Privatisation: Purveyor of improved power supply in Nigeria, says Oxford group
THE privatisation of Nigeria’s power generation and distribution assets has paved the way for an increase in electrification, although ongoing issues with gas supply and distribution are proving a challenge, the Oxford Business Group (OBG) has said in its latest report on the economy.
The noted that as government is looking for greater private sector involvement to boost investment in the sector, it needs some $65billion worth of capital expenditure to reach the country’s target of 40,000 MW of generation capacity by 2020, according to Nigerian Bulk Electricity Trading.
Window of opportunity
The report noted that “the rationale behind the privatisation push – which was several years in the planning but finally materialised in 2013 – is clear: inefficiencies in Nigeria’s power sector have traditionally been a major constraint to growth, costing the 170m-person economy as much as $100 billion per year, according to government estimates.
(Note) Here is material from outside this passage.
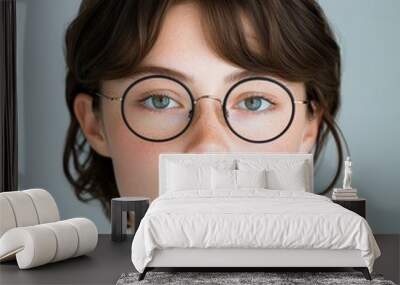 young woman with glasses looking at camera Wall mural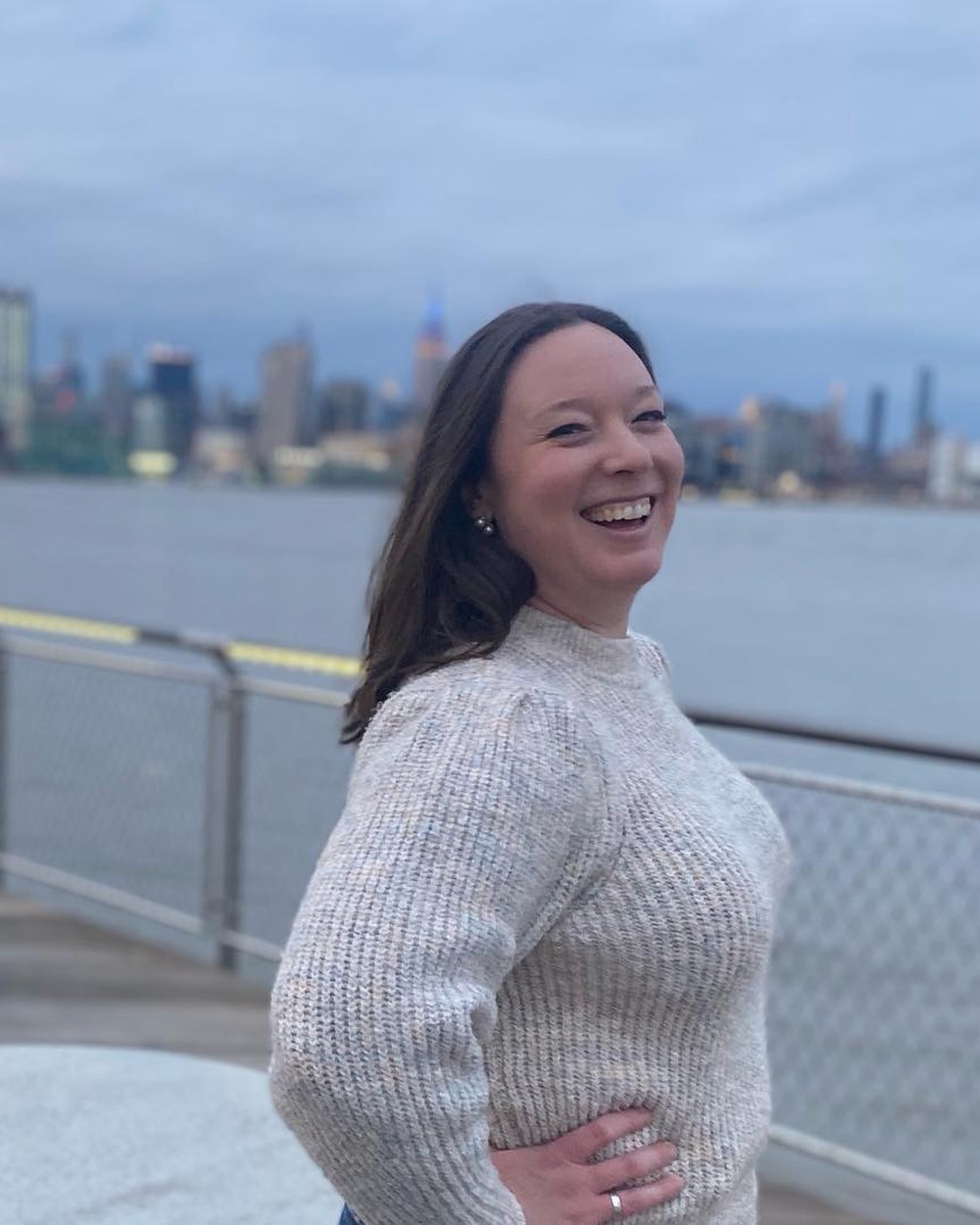 Kelly, smiling, on the waterfront with the Manhattan skyline behind her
“With only two-thirds of the population currently receiving electricity, Nigeria ranks among the worst performers in the world when it comes to power, according to the World Bank’s most recent ‘Doing Business’ report. Nigeria placed 182nd out of 189 countries surveyed in terms of ease of getting electricity, behind South Africa (168th) and Kenya(127th).Meanwhile, demand growth is continuing apace, forecast to rise by 10 per cent per annum through to 2020.
“The lack of a reliable supply of electricity is seen as an impediment to growth in Nigeria’s industrial sector in particular, adding to the cost of doing business for many firms. Companies frequently need to rely on backup diesel-fuelled generators, which run at a cost of $0.30-0.50 per KWh, compared to the average grid tariff of $0.13.
“While Nigeria has more than three times the population of South Africa, it has just one-ninth of the installed generation capacity. Output traditionally has not exceeded 5000 MW, according to local media reports, which is roughly one-third of peak demand.”
The report added that “to help address generation concerns and encourage private investment, in 2013 the government began a partial privatisation process that led to the sale of 15 state generation and distribution companies, previously included under the umbrella of the Power Holding Company of Nigeria. The sale generated more than $3 billion, according to local media reports.
“The privatisation was something of a landmark moment for the country, and should provide significant long-term benefits in terms of power provision. However, it has not been completely smooth sailing: the Central Bank of Nigeria launched a NGN213bn ($1.1bn) bailout package in September 2014 to cover revenue shortfalls and help with debt servicing on NGN 500 billion ($2.5 billion) of bank loans across the sector.
“Nonetheless, certain power plants have seen improvements as a result of the scheme. In particular, the Ughelli Power Plant – the nation’s largest fossil fuel generation plant – has increased power generation more than five-fold in the past two years, and is expected to deliver another 760 MW by the end of 2015, according to Adeoe Fadeyibi, CEO of Transcorp Power, which manages the plant.
“The country’s largest power plant, the 30-year-old Egbin Power Plant in Lagos, has also boosted its output, from less than 50 per cent of capacity to 85 per cent since Nigeria’s Sahara Group and Korea Electricity Power took over management in 2013. The plant now generates an average of 1100 MW, according to the company.
“The privatisation of existing assets has also been complemented by the arrival of new producers, with the Nigerian Electricity Regulatory Commission having recently issued 70 licences for independent power plants (IPPs). In August the federal government announced that the 450-MW Azura-Edo IPP – an open-cycle gas turbine project that is part of a larger 1500-MW IPP facility planned for Edo State – had reached financial close and is expected to come on-stream in 2018.”
More scope for reform
OBG stressed that “to maintain the current momentum, efficiency in other parts of the supply chain will also need to be improved. For example, access to gas remains a challenge, limiting a source of key inputs for power generators.
“Despite boasting 180 trillion cubic feet of proven gas reserves – the largest store on the continent – the guaranteed supply of gas to existing thermal generation plants in Nigeria, which account for 80 per cent of the country’s on-grid power, remains a key concern for industry stakeholders.
“Currently, only 14 per cent of domestically produced gas is sold to the local market, with 38 per cent exported as liquefied natural gas, another 24 per cent flared and the remainder re-injected to be used as fuel or processed into other liquids, according to Philip Ihenacho, CEO of local oil and gas company Seven Energy.
“Gas producers sell a set quota of gas to the domestic market at a fixed non-commercial rate, which reduces the incentive to invest in costly gas infrastructure upgrades. Pipeline vandalisation also serves as a deterrent to further investment, due to the cost of repairs and additional security measures needed to guard the vulnerable spots along the network.”
According to Michael Larbie, CEO of Rand Merchant Bank Nigeria and West Africa, a more liberal pricing regime could create the fiscal space needed for private investment to flourish. “The regulator must allow market dynamics to dictate the optimal tariff levels, as this will enable investors to get a return on their investment and put more money into the system,” he told OBG.